*Your goal:* Starting at the first line of the records and stopping at the line that contains "Pink Cherry Ribbon Kids AOP Sweatshirt", transcribe every line exactly and leave out the pictures.

Scraped caption text data:
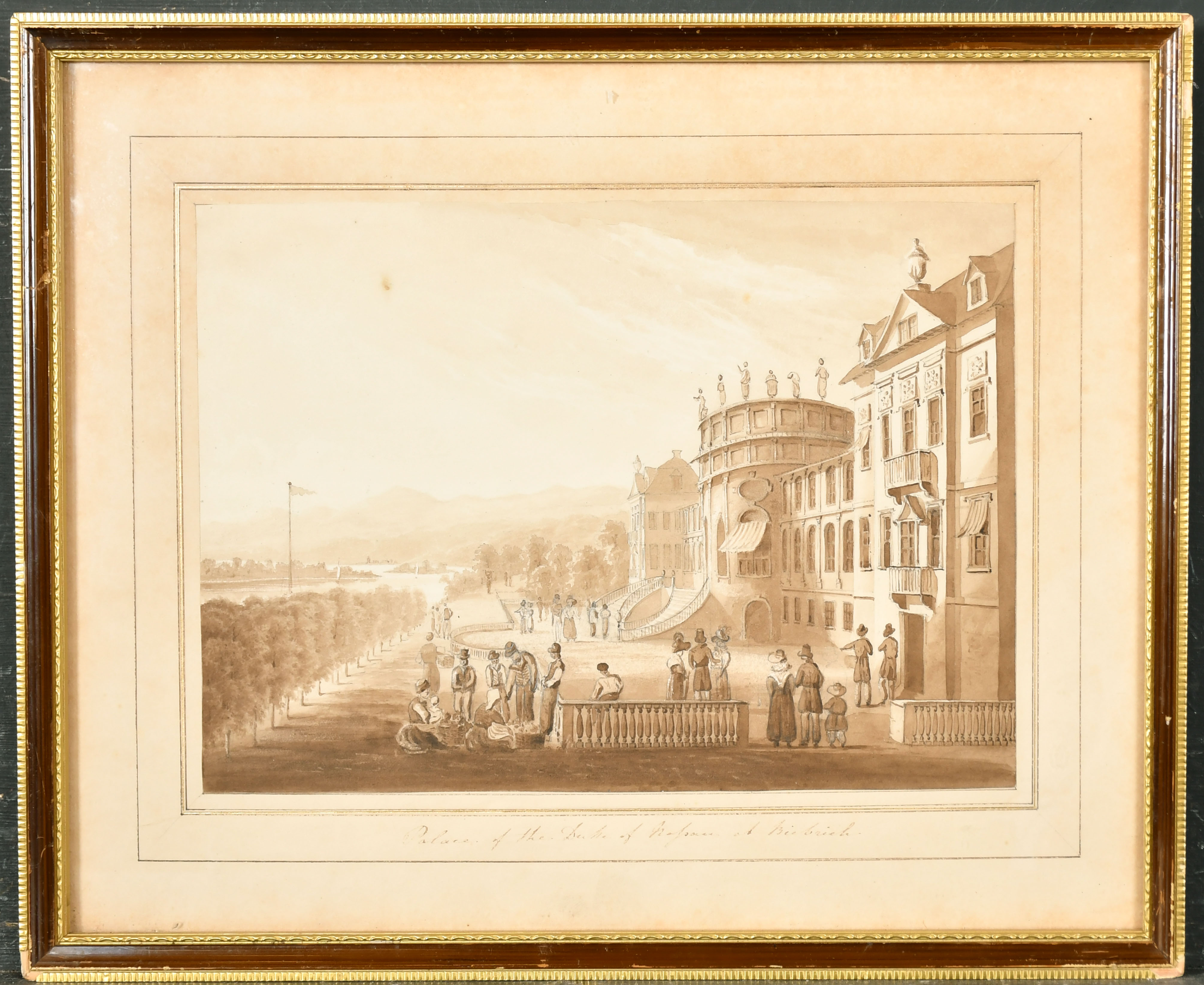 Early 19th Century English School. "The Palace of the Duke of Nassau at Biebrich", Ink and wash, - Image 2 of 14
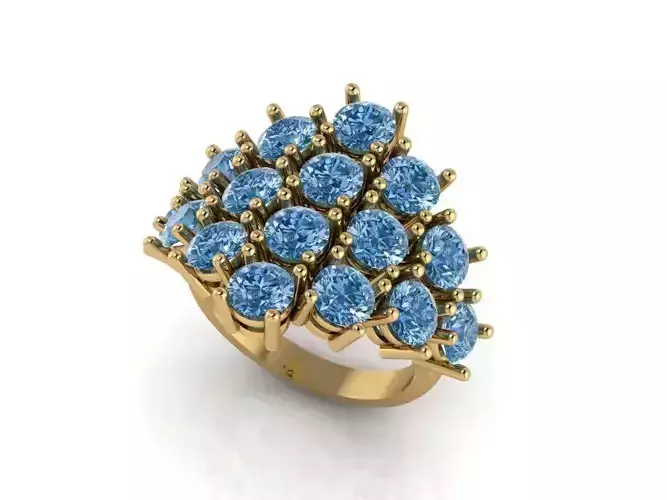 RingS topaz cluster ring gold 3D print model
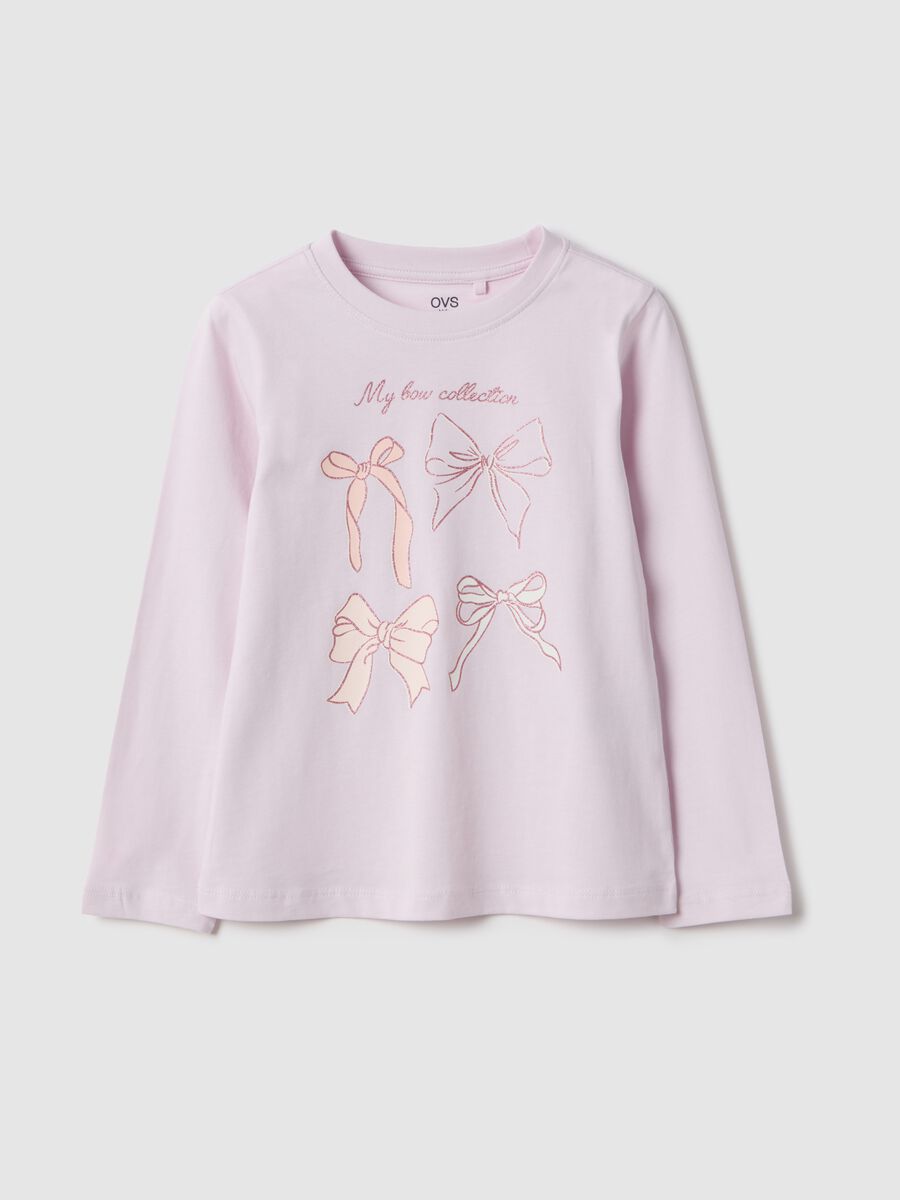 Purple pure cotton t-shirt with bows for girls_0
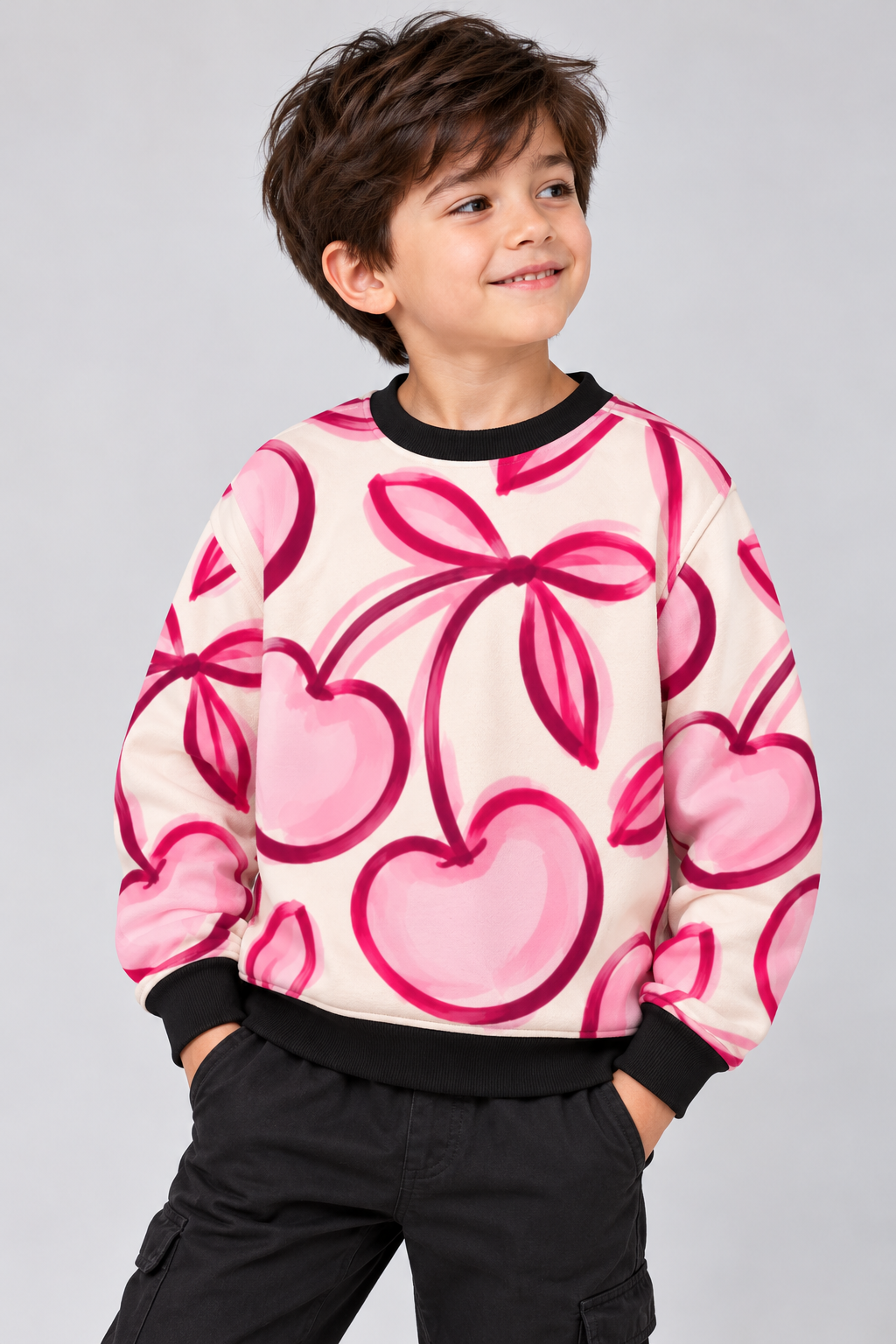 Pink Cherry Ribbon Kids AOP Sweatshirt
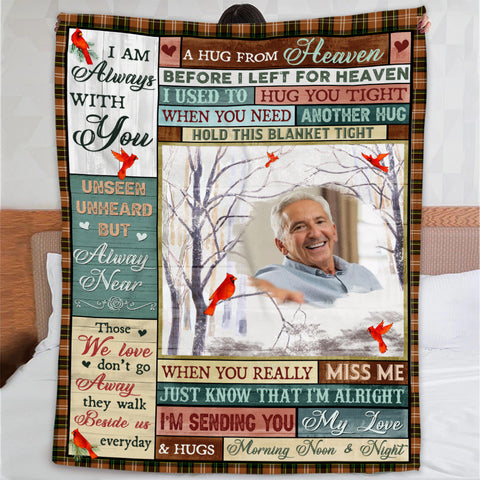 Memorial Gifts, Personalized Memorial Blanket With Photo, Hug From Heaven Im Sending You My Love Hugs, Loss Of Mom Dad Blanket, Fleece Sherpa, Memorial Gifts For Anniversary Birthday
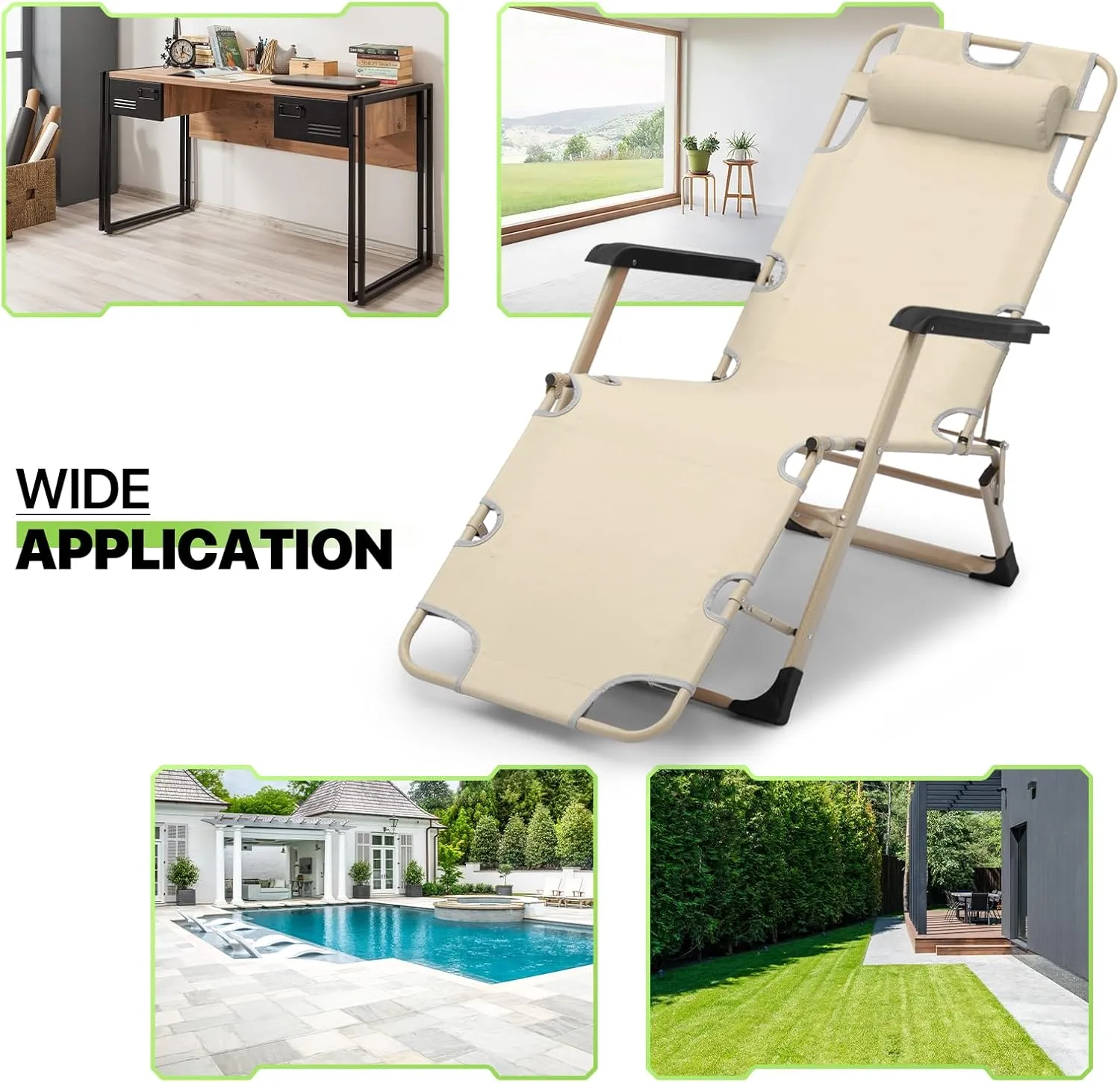 Magshion Patio Outdoor Lounge Chairs 2 Pack Reclining Folding Breathable Backrest Chair Lawn Lounge Chair with Adjustable Headrest for Deck Beach Yard and Beach, 300 lbs (Cream)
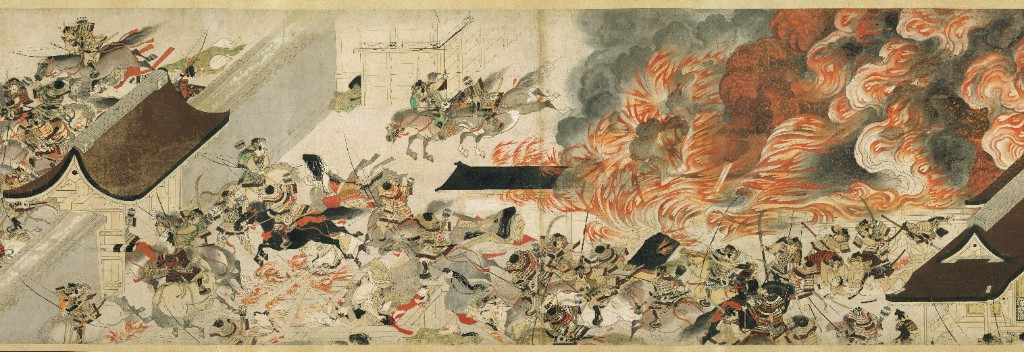 Japanese handscroll painting depicting battle scene with warriors and fire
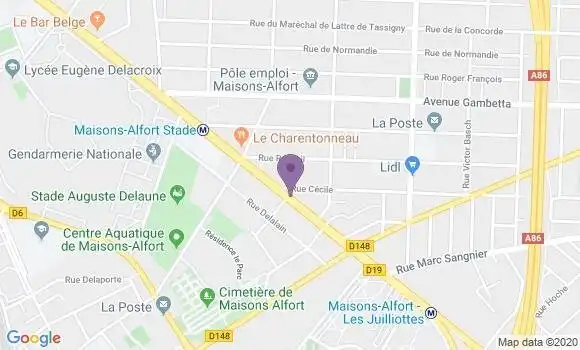 Localisation BNP Paribas Agence de Maisons Alfort
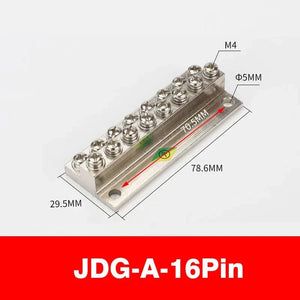 Conversions Tech JDG-A-16P / 1Pcs Double layer Terminal Block JDG-6/8/10/12Hole Land Row Zero Line Terminal Row Brass Power Distribution Cabinet Screw Connector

*Response below:*
 Early 19th Century English School. "The Palace of the Duke of Nassau at Biebrich", Ink and wash, - Image 2 of 14
 RingS topaz cluster ring gold 3D print model
 Purple pure cotton t-shirt with bows for girls_0
 Pink Cherry Ribbon Kids AOP Sweatshirt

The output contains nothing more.